According to Lin, who is a big fan of Korean art herself, 〈Universe〉 isn’t just the best of Kim Whanki, but the best of Asian culture. Rather than having the canvas standing up on an easel like western painters, he painted the thousands of dots the painting is comprised of while it lay flat on a table with his paintbrush perpendicular from above. This was “rather similar to calligraphy, making it more familiar to the eastern audience.”
“It was very much like meditation for the artist. This is a very Asian mentality. People in Hong Kong who don’t even really know who Kim Whanki is, look at this and they are attracted to the image,” Lin said.
Kim usually didn’t title his works, but there is a specific reason why 〈Universe〉 was named so. The symbolism for the two circles embodies all binary values in the world: the yin and yang, sun and moon, light and dark, life and death, men and women and so on. They are all the binary values and beings that exist in the universe - it is the universe itself.
The fact that he made it with a single color is also notable, according to Lee. Kim also used an eastern type of brush, typically used for calligraphy, rather than those used for western paintings. His signature style of dotted paintings first began around the year 1970. With that single brush, he produced his “Whanki blue” paintings, where he uses just one color of blue to express a plethora of different shades and gives depth by using just ink and oil. His skills are unique to him, and it’s what makes Kim “such a master,” according to Lee.
The fact that Kim’s works were displayed within a separate room at the preview exhibition, and opposite to Sanyu’s work, is also “Christie’s recognition of Kim’s masterpiece,” Lee said. Sanyu’s painting 〈Five Nudes〉 was sold for 304 million Hong Kong dollars.
Whanki versus Whanki
As of now, Kim Whanki is the only match for Kim Whanki.

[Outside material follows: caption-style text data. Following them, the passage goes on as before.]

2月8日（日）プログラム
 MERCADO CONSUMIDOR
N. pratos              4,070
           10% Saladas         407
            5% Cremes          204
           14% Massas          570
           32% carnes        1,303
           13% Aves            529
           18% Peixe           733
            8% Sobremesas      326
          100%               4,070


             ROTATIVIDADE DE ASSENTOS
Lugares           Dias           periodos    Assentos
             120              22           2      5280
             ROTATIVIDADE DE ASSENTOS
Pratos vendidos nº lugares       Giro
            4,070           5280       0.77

The top five most expensive pieces of art in Korea are all his. His red monochrome dot painting 〈3-II-72 #220〉 was sold for 8.5 billion won last year in May during the Seoul Auction Hong Kong sale, which had held the title for the most expensive Korean artwork until Saturday. His pink monochrome painting 〈Untitled〉 was sold at 7.1 billion won, also at Seoul Auction’s Hong Kong sale. According to art price tracker K-Artprice, Kim Whanki’s works have sold for a total of 141.3 billion won over the last five years.
“Kim Whanki’s works practically guarantee a new record price every time they come out to auctions,” said Lee. “So if one piece is sold at one auction for a certain amount, then that amount will be overwritten again by the same piece at the next auction.”
However, Lin explained that while "〈Universe〉 will set a new record for Kim Whanki,” it will not immediately lead to the growth of the Korean art market. She first fell in love with Korean art when she visited the country two decades ago and saw the work of Chung Sang-hwa. When she asked the price, she was surprised at how low it was - the equivalent to younger, rookie artists in the western art scene. Since then, it became her goal to promote Korean art on a bigger platform and watch it grow. The volume of the Korean art market is set around 400 billion won, while the U.S. market is set around 28 trillion won.
“While it is meaningful that Kim Whanki’s work has been reassessed in the way it deserves to be, it won’t lead to the growth of the Korean art market as a whole. The masterpieces in Korea don’t come out to the secondary market, because most of them are owned by museums. So for now, the record will only be for the Kim Whanki art market.
“In the past few years, Korean artists have gone under the radar. But I think now, the market has recognized them. For example, artists like Park Seo-bo - we have a lot of European collectors that follow his work in the market. I think it’s about what kind of concept you choose and how you present it. The international collectors are very open-minded, so it’s not about where you’re from, but about the concept. I think everyone has a good opportunity to grow.” Lin said.